[Source records]
———

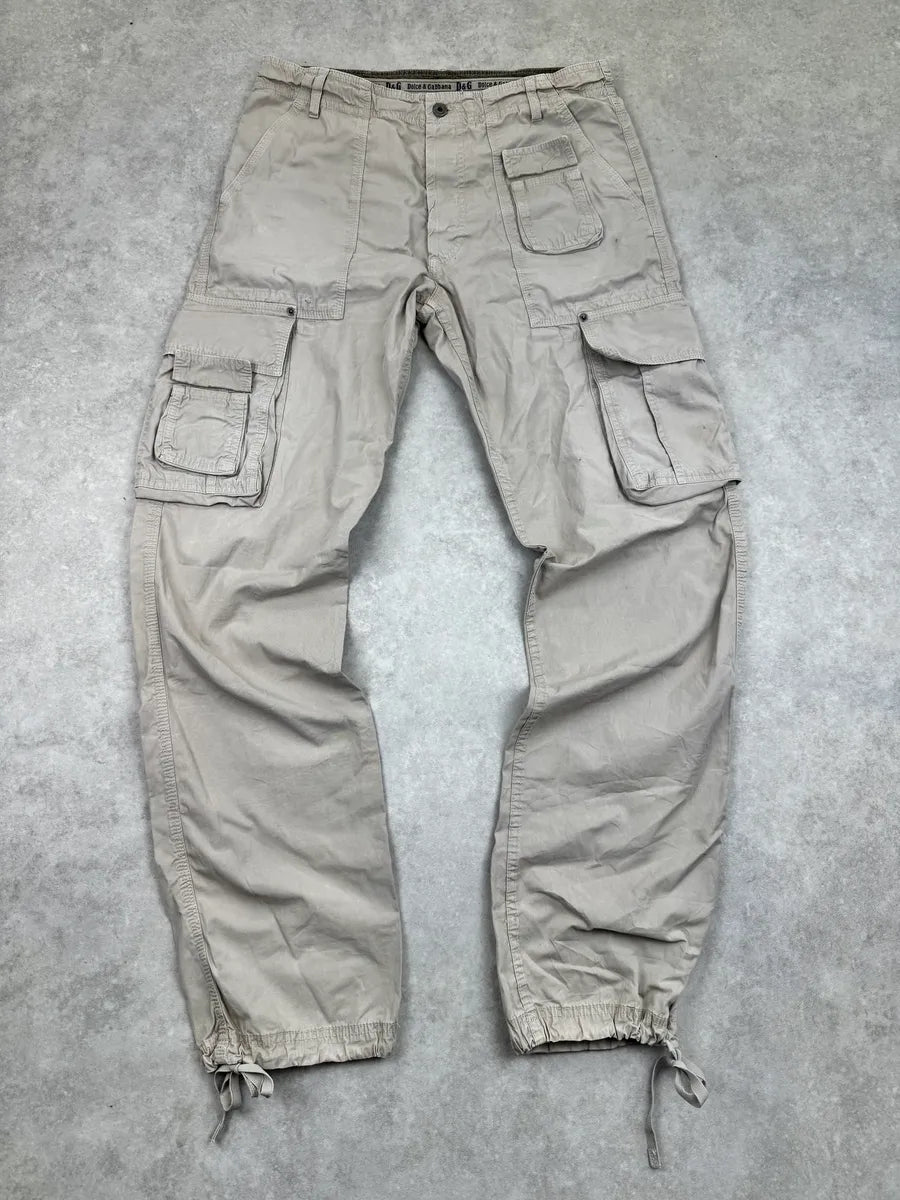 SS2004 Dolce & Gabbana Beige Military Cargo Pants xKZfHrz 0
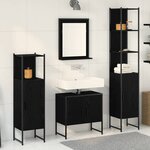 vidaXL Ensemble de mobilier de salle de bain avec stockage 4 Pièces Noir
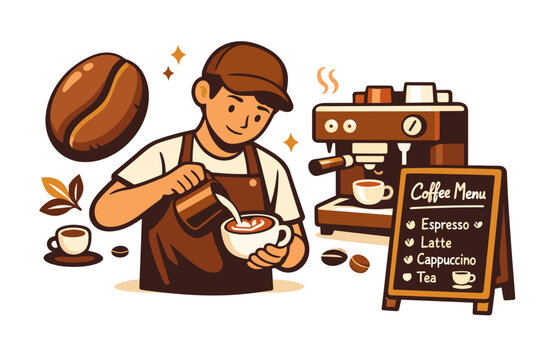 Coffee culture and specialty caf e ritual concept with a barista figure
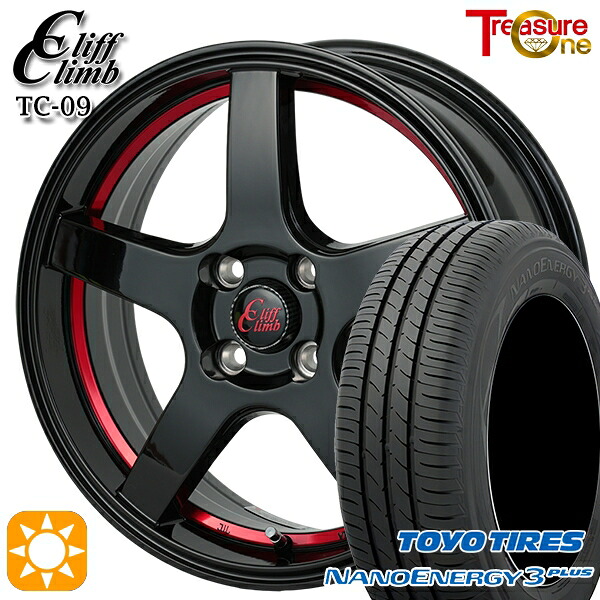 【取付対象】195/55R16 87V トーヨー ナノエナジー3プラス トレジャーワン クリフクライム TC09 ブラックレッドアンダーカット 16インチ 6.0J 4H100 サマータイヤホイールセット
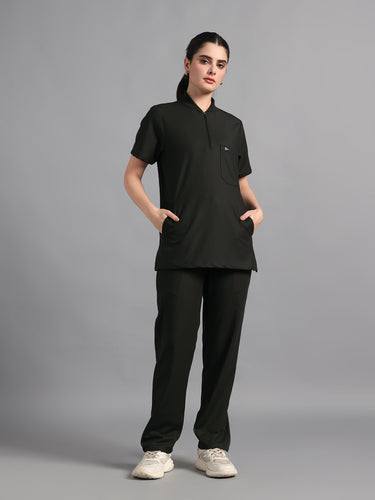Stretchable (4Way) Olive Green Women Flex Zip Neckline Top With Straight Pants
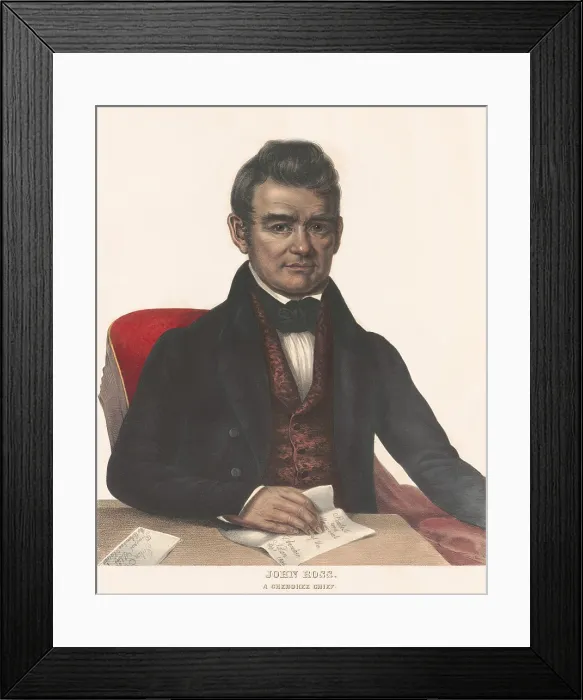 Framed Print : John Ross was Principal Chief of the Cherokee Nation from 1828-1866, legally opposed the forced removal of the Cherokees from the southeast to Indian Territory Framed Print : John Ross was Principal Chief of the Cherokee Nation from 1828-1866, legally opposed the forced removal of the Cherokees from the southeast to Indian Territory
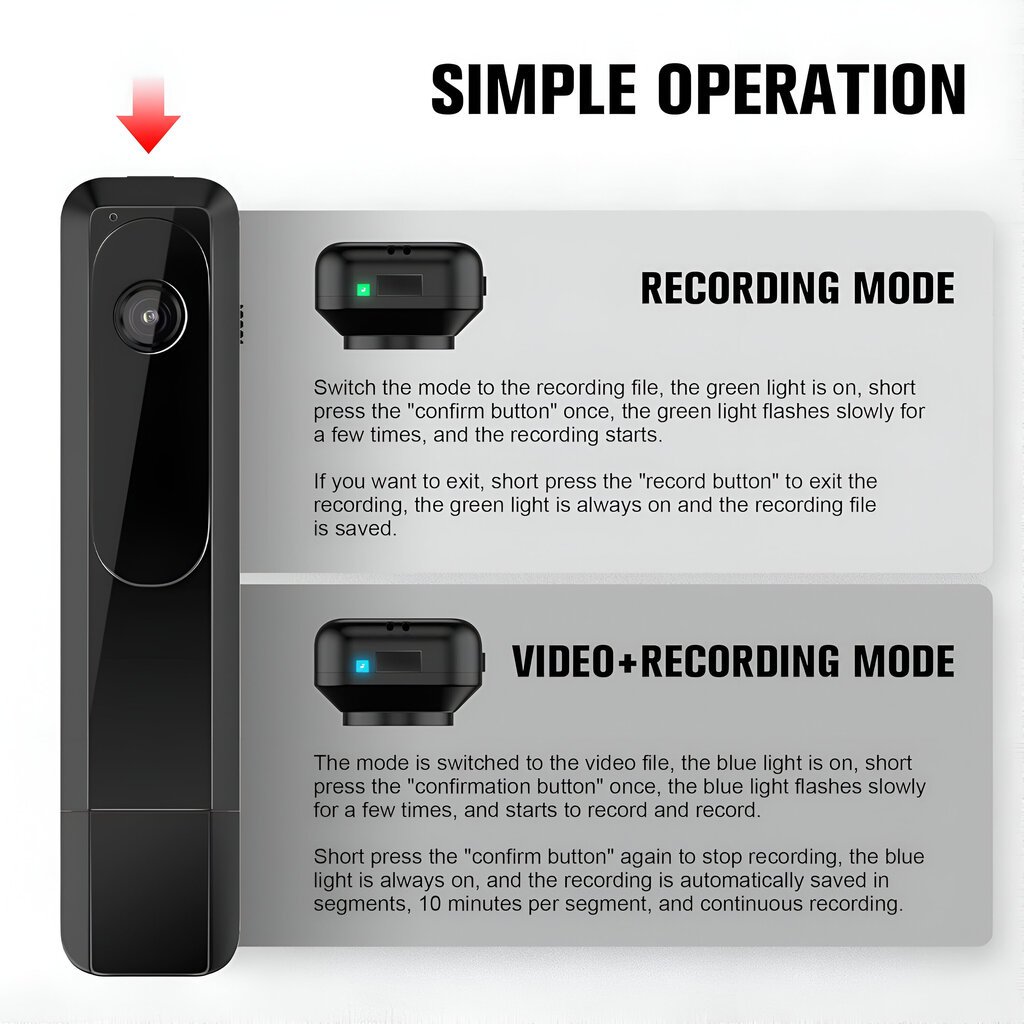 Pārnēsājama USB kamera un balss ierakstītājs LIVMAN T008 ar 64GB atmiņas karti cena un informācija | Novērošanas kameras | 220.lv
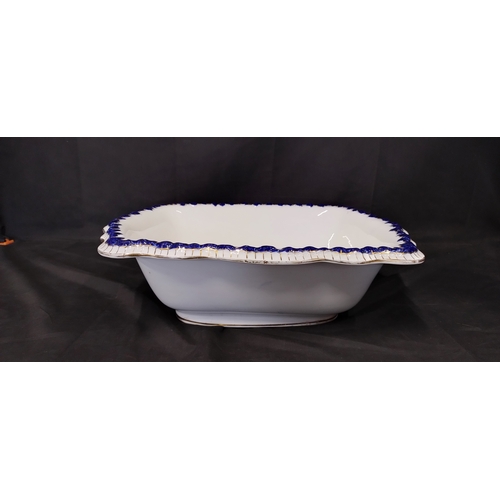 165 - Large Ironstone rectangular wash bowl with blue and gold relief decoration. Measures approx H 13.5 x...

———

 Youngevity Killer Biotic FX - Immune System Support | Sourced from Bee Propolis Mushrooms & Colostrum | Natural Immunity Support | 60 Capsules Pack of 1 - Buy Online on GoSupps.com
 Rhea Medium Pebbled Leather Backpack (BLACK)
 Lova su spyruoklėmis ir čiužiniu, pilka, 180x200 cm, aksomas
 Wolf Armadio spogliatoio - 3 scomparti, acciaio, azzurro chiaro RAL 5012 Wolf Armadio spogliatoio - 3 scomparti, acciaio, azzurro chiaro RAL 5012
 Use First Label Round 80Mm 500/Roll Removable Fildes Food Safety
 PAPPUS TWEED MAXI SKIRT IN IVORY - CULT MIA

———

* **ACTIVITY**: Copy only the lines above from the one containing "Pārnēsājama USB kamera" through the one containing "165 - Large", both included. Leave out the pictures.

* **WRITTEN REPLY**:
 Pārnēsājama USB kamera un balss ierakstītājs LIVMAN T008 ar 64GB atmiņas karti cena un informācija | Novērošanas kameras | 220.lv
 165 - Large Ironstone rectangular wash bowl with blue and gold relief decoration. Measures approx H 13.5 x...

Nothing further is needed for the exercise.